An unbearable wedding dress. A prosthetic limb. An axe. As the world celebrates her Valentine’s Dayone museum in Zagreb collected objects that sometimes tell strange stories of a lost love.

Opened in 2006 on a secluded street near Zagreb’s main square, a favorite meeting place for lovers and friends for decades, the Museum of Broken Relationships features thousands of exhibits, some ordinary, some strange, but certainly each one emblematic of a lost love.

“It’s not the objects, but the stories behind them that are intriguing, inspiring and moving,” said museum co-founder Drazen Grubisik.

“For me this is a museum about love.
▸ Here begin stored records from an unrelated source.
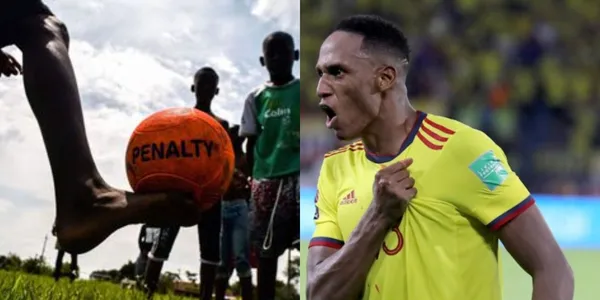 Yerry Mina es un jugador de fútbol que luchó contra muchas adversidades para poder ser profesional.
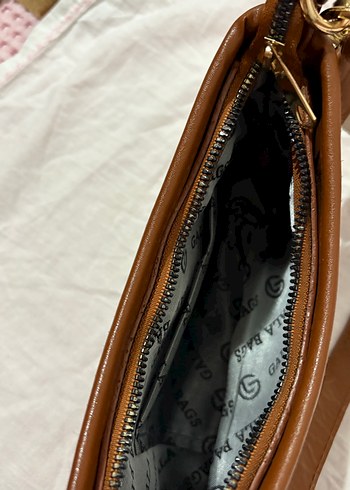 Smart Bags Kahverengi Deri Kadın Çanta - Parisian Stil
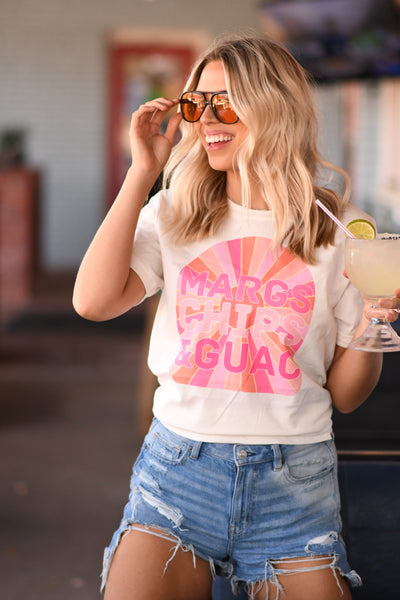 Margs & Guac tee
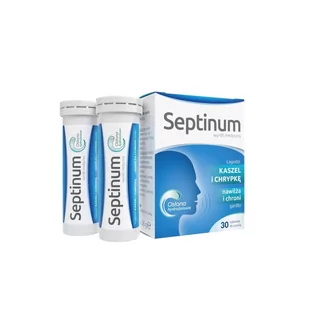 Natur Produkt Septinum x 30 tabletek do ssania - Przeziębienie i grypa - miniaturka - grafika 1
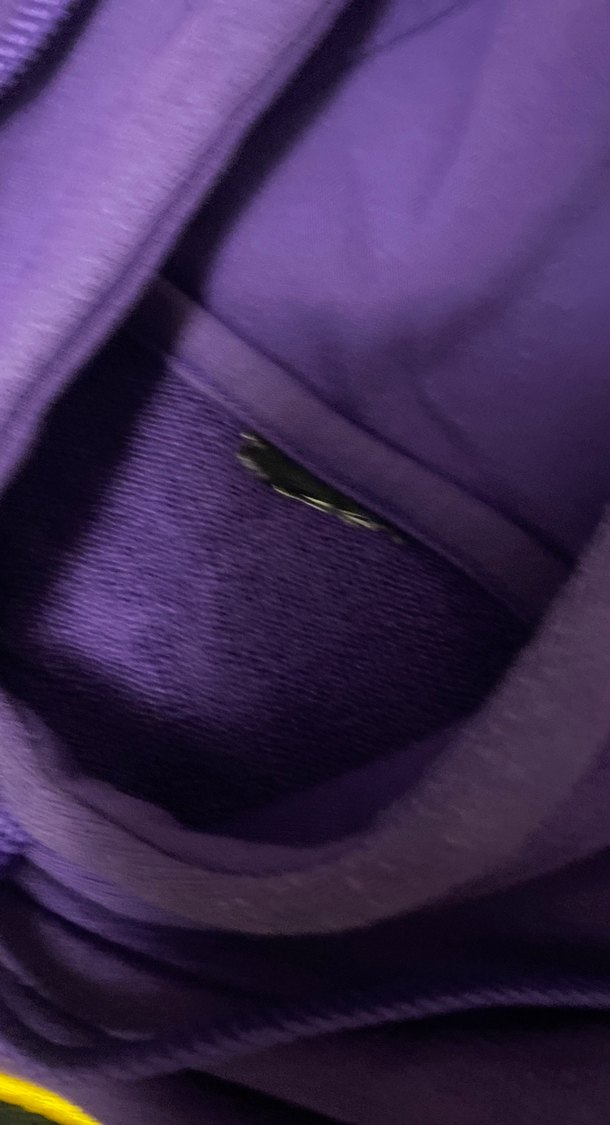 Mor Kapüşonlu Erkek Sweatshirt - Görsel 3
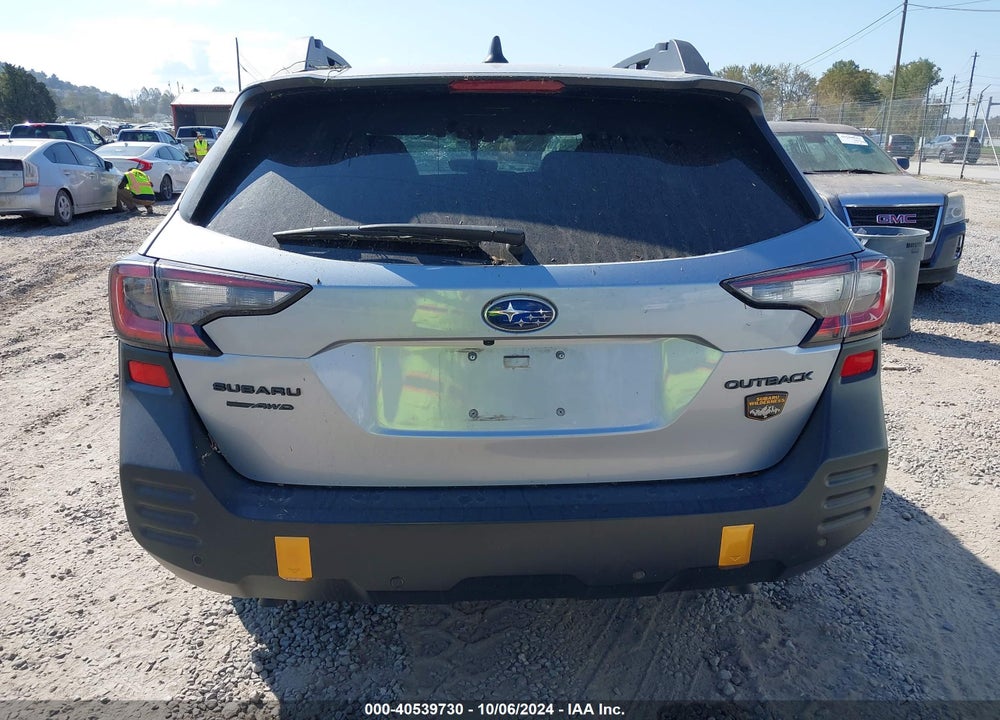 2022 SUBARU OUTBACK WILDERNESS VIN: 4S4BTGUD2N3130322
We just might have a different view of love when it ends.”

A Croatian war veteran has donated a prosthetic leg in memory of his love affair with a Defense Ministry employee he met during his treatment. The prosthetic member remained from this relationship.

A Turkish woman donated a wedding dress that she never wore because the man she was going to marry died a month before their wedding.

A man donated an ax he had used to destroy his ex-partner’s furniture, while a woman gave the museum a cockatiel left over from her lover’s motorbike accident 27 years ago. This person, a biologist, had once wondered if something like this could be used to clone one’s “human”.

“The desire to clone my partner from it no longer exists,” the woman said in a post on the museum’s website.

A book by British hypnotist Paul McKenna titled “I Can Make you Thin” is among the exhibits at the museum, which was donated by a woman who was given it as a gift by her partner.

“Don’t buy this book and give it to a loved one if you want the relationship to last,” Grubisik said.